* Data provided
# # # #
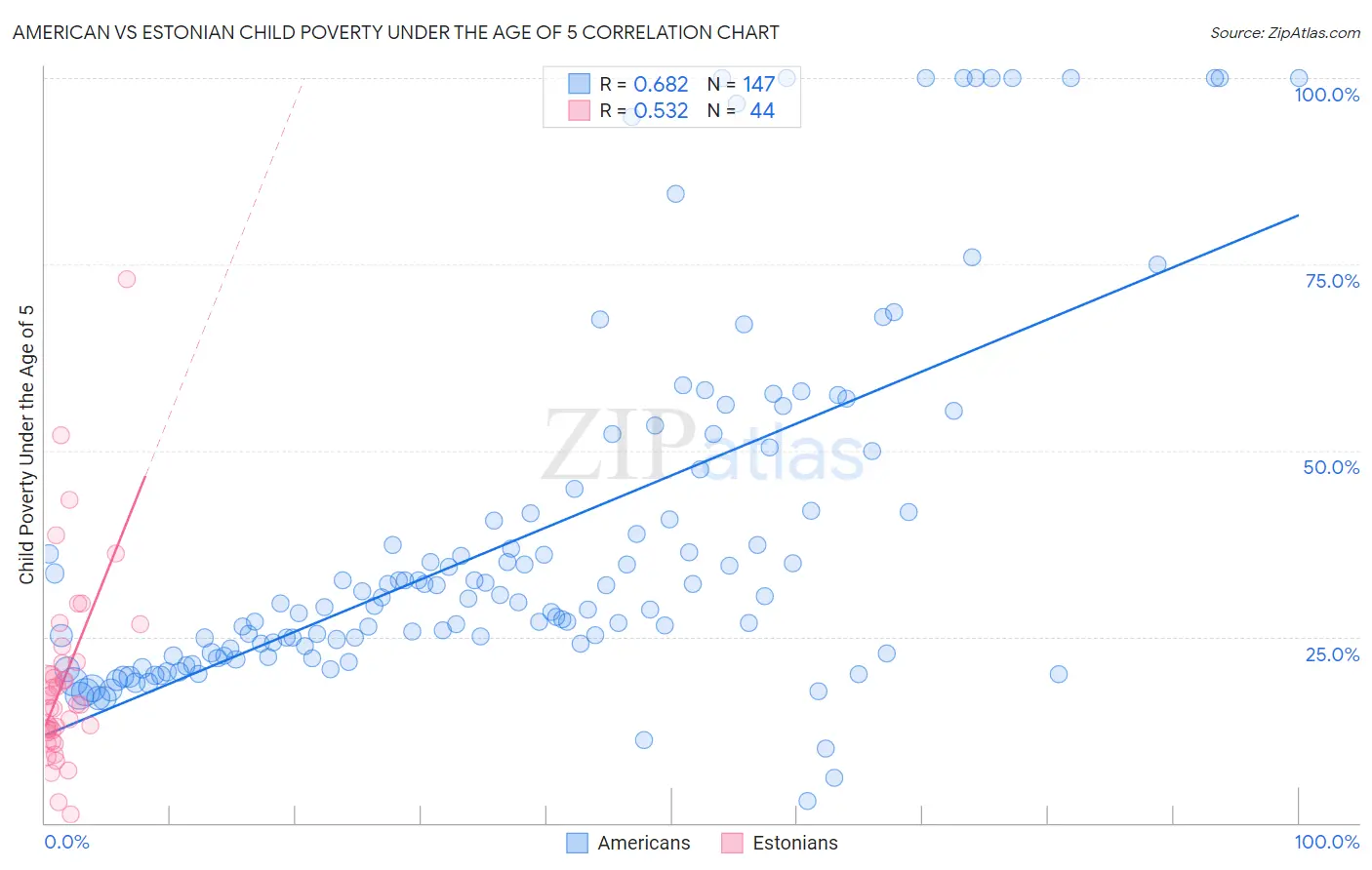 American vs Estonian Child Poverty Under the Age of 5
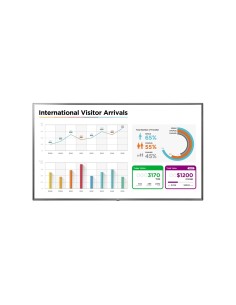 LG 86UL3E visualizzatore di messaggi Pannello piatto per segnaletica digitale 2,18 m (86") LED Wi-Fi 350 cd m² 4K Ultra HD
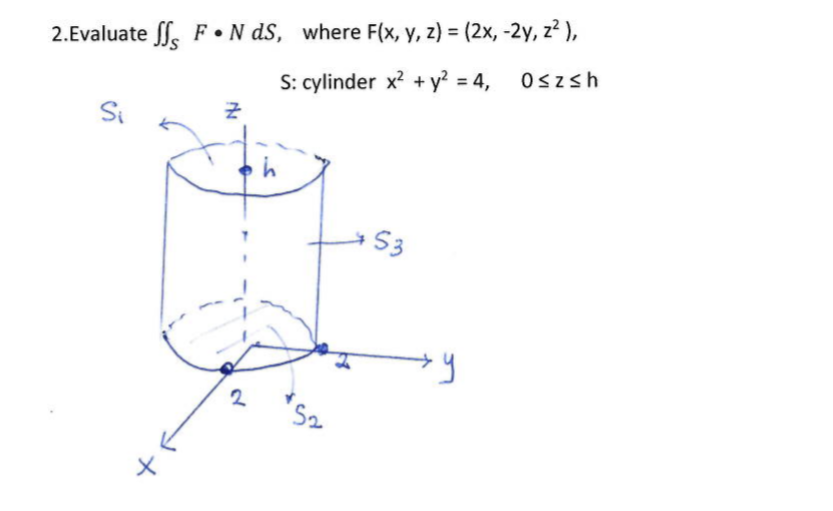 Solved Where F X Y Z 2x 2y 22 S Cylinder X2 Y2 Chegg Com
# # # #
Return the material word for word. Pictures are not part of the copy.

* Result
 American vs Estonian Child Poverty Under the Age of 5
 LG 86UL3E visualizzatore di messaggi Pannello piatto per segnaletica digitale 2,18 m (86") LED Wi-Fi 350 cd m² 4K Ultra HD
 Solved Where F X Y Z 2x 2y 22 S Cylinder X2 Y2 Chegg Com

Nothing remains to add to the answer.